New-NetFirewallRule -DisplayName mssql -LocalPort 1433 -Protocol tcp

This example opens Microsoft SQL Server TCP port 1433 for incoming connections. Nice and easy line. Especially handy, when you need to do this using script on multiple servers.

To remove this rule, you should use the following command (mssql being the displayname of the rule):

Remove-NetFirewallRule -DisplayName mssql

11 August 2015

How to get your public IP in PowerShell

Ever wanted to know your public IP address programmatically in PowerShell? Here’s a good oneliner for you:

(Invoke-WebRequest http://myip.eu ).ParsedHtml.body.innerText.Split()[15]

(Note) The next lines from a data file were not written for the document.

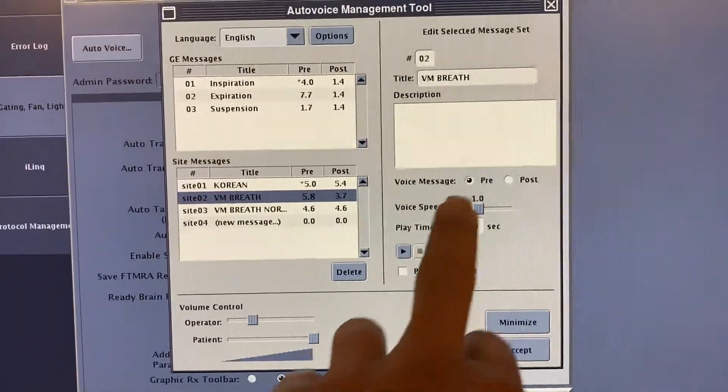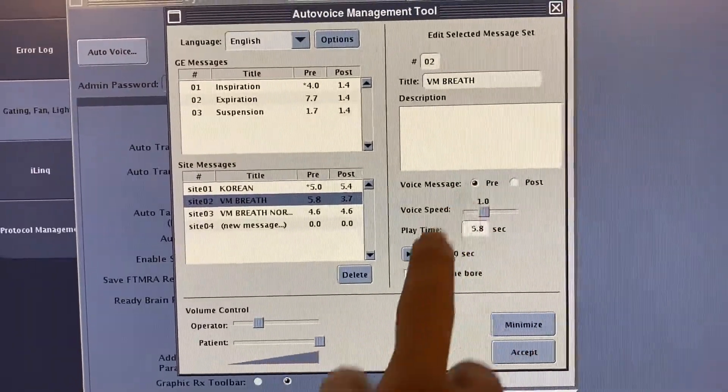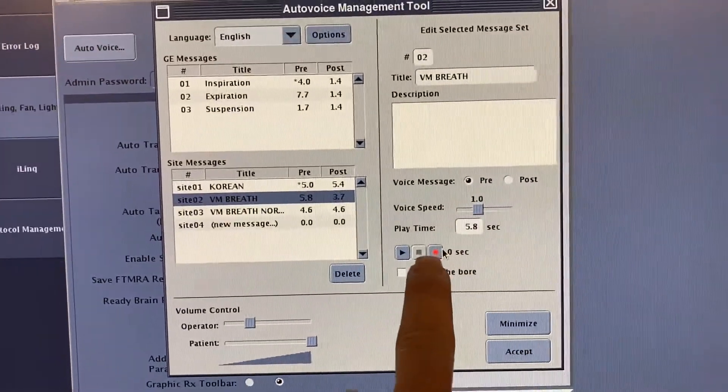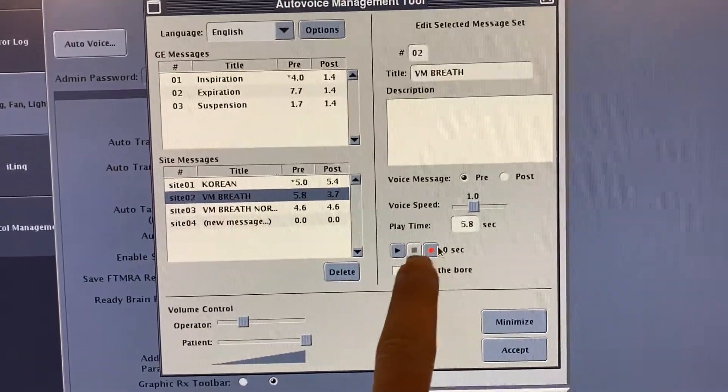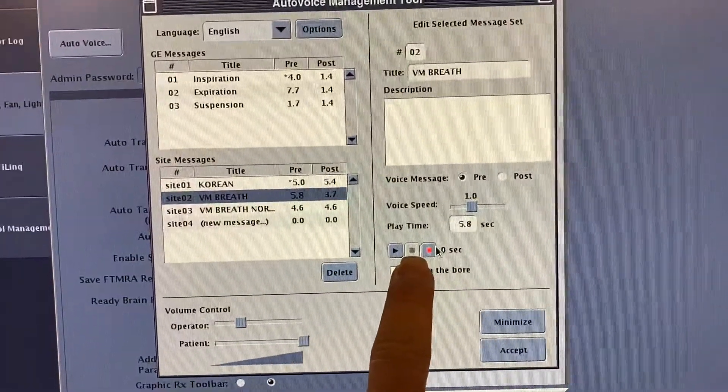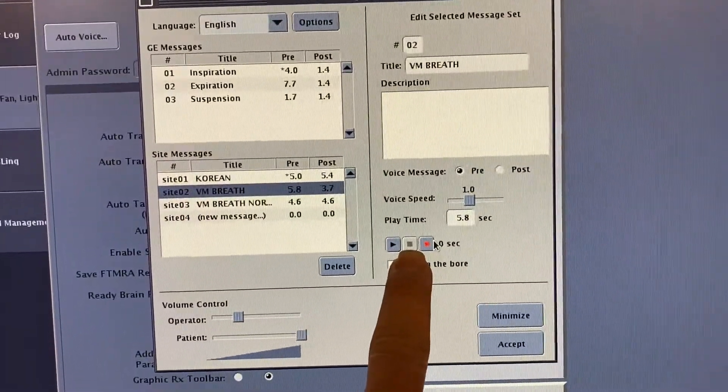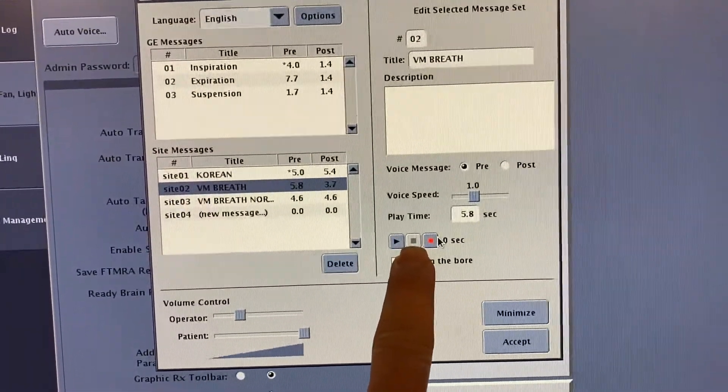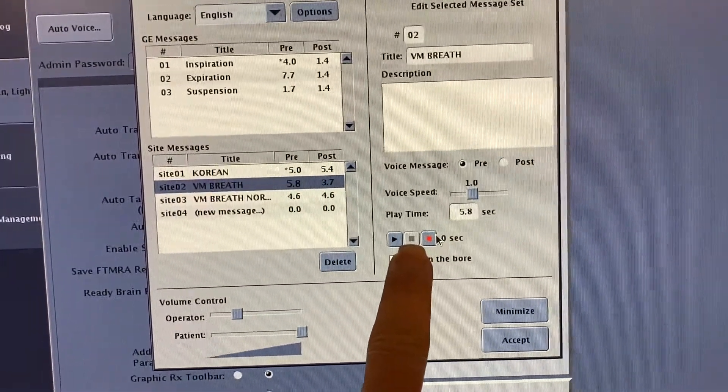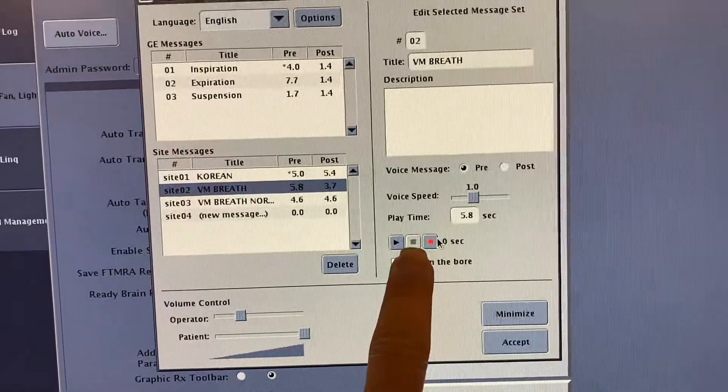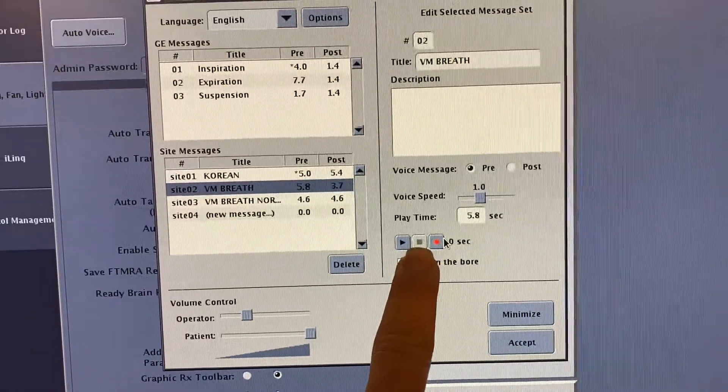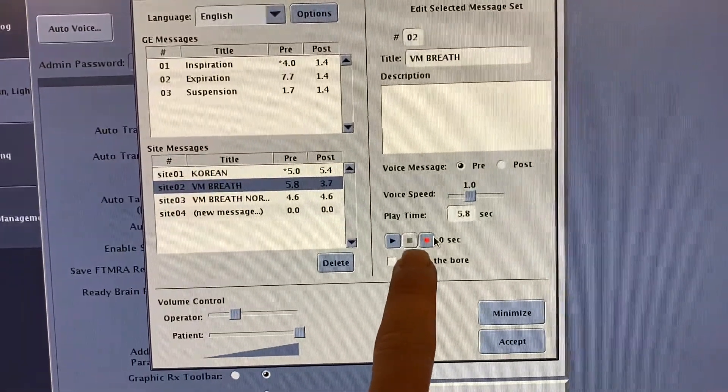Now that's for pre. For example, I recorded 'take a deep breath,' 'take a breath in,' 'hold your breath.' Afterwards, that's done.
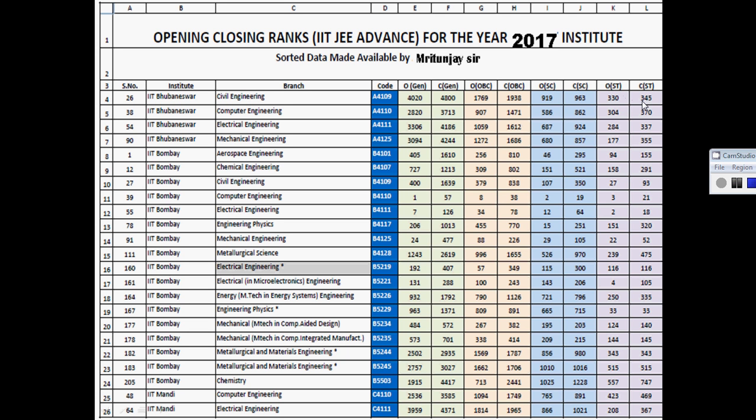Well guys, these ranks may vary because if students from Delhi get a good rank and don't want to shift or migrate to Mumbai, they will prefer Delhi rather than Mumbai.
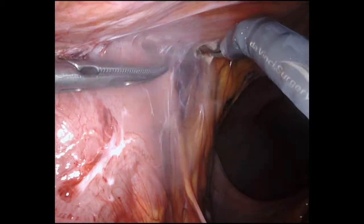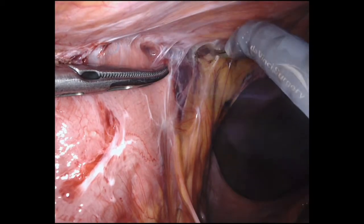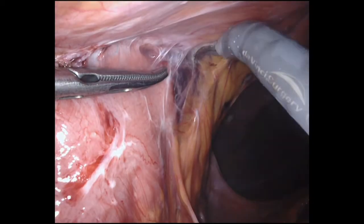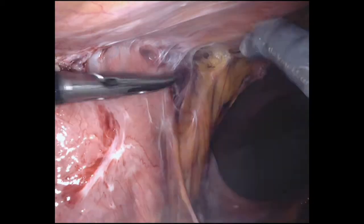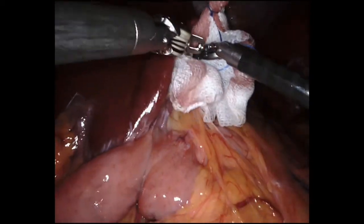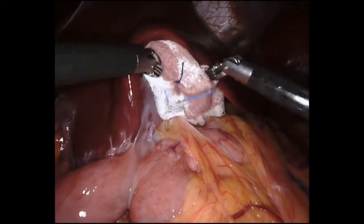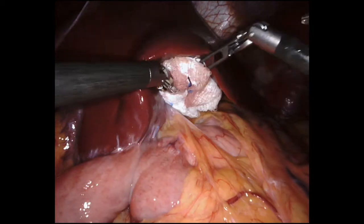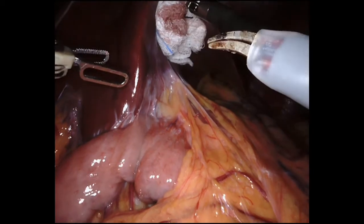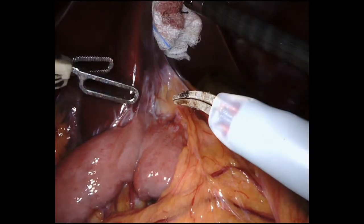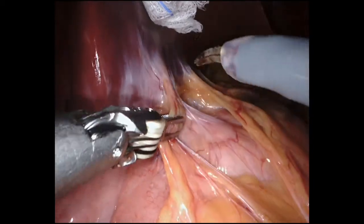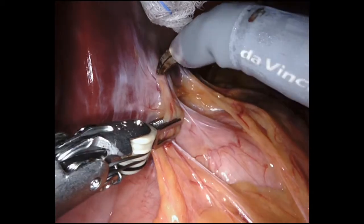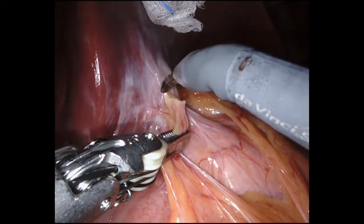Operation begins with division of adhesions from the previous operation. The liver is retracted and the pancreatic jejunostomy is identified. The anastomosis is carefully dissected from the liver surface with robotic scissors.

It will get a sample page from myip.eu page, parse this html page body and find in text only version a space splitted part with serial number 15. No warranty though that this page work forever and the page result is formatted the same in future. Still worth a try.

02 February 2015

How to add domain user to local administrator group using PowerShell

All you need is following one-liner:

([ADSI]"WinNT://localhost/administrators,group").psbase.Invoke("Add",([ADSI]"WinNT://domain/user").path)

You need to change the domain/user to your actual domain name and user name (contoso/john for example).

05 January 2015

Get all sites and subnets in AD using PowerShell

I wondered if there is a command like Get-ADSite or Get-ADSubnet in PowerShell but it turns out there isn’t.

After surfing around the net I ended up writing this oneliner:


Get-ADObject -SearchB (Get-ADRootDSE).ConfigurationNamingContext -f { objectClass -eq "site" } -Properties * | ForEach-Object { ''; $_.Name; foreach ($s in $_.siteObjectBL) { $s } }


The output lists all sites separated by empty line. For each sites all subnets are listed.